Islamic banks often use commodity murabaha agreements to invest their surplus cash in a Shariah compliant way. This involves buying into a basket of commodities, such as metals, held by another bank for a pre-determined amount of time and a pre-determined return.
However, in practice, many of the transactions never see any commodities change hands and sometimes there are no commodities involved, merely cash flows between banks and brokers.
"The situation is a little bit embarrassing for the industry," said Ruggiero Lomonaco, head of Middle East and Islamic private investor products, ABN Amro Markets, speaking at the Islamic Finance Forum in Dubai last month.
He pointed out that sometimes there is not even enough of a particular kind of commodity in existence to account for all of the transactions that are taking place.

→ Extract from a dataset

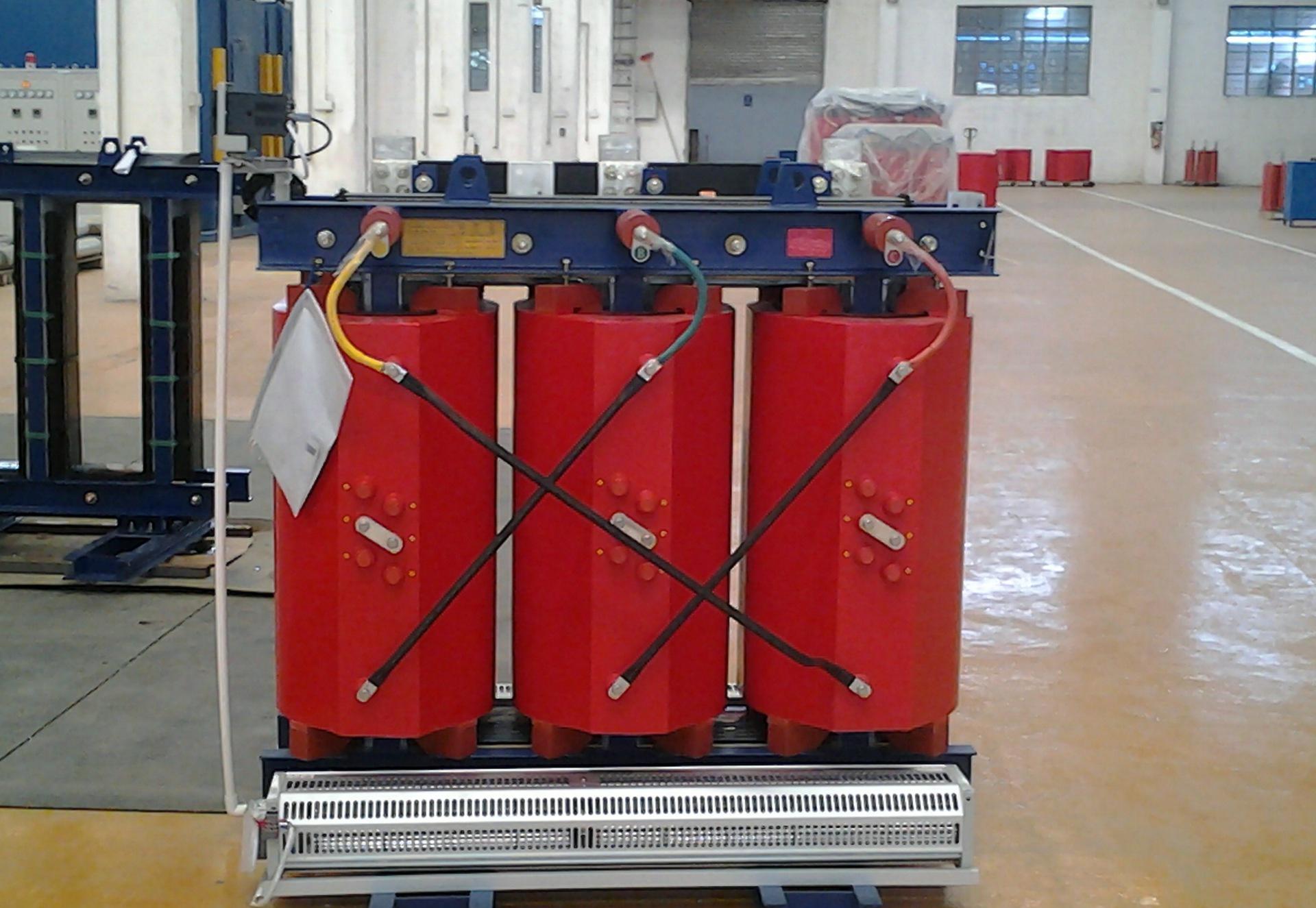 海口SCB10-500KVA干式变压器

Lomonaco said: "I believe these very transactions can cause the fall of the industry in a very short period of time."
He proposed the use of the wa'ad swap, a controversial finance agreement that has been criticised by others in the Islamic finance community recently.
Islamic investors would receive returns which could be linked to LIBOR, equities indices, or even the performance of hedge funds.
The commodity murabaha transaction was also criticised by Dr Aznan Bin Hasan, assistant professor at International Islamic University Malaysia, who said Islamic banks should only use it as a last resort if they could find no other use for their surplus liquidity.
"Otherwise if you have any other way to do it, you should do that first before a commodity murabaha," he said.
ABN Amro's Ruggiero said that economic forces could encourage Islamic banks to stop using the financial tool. "There is an incentive," he said. "You will see very shortly when interest rates go down, back to 2003 [levels], people will find alternatives."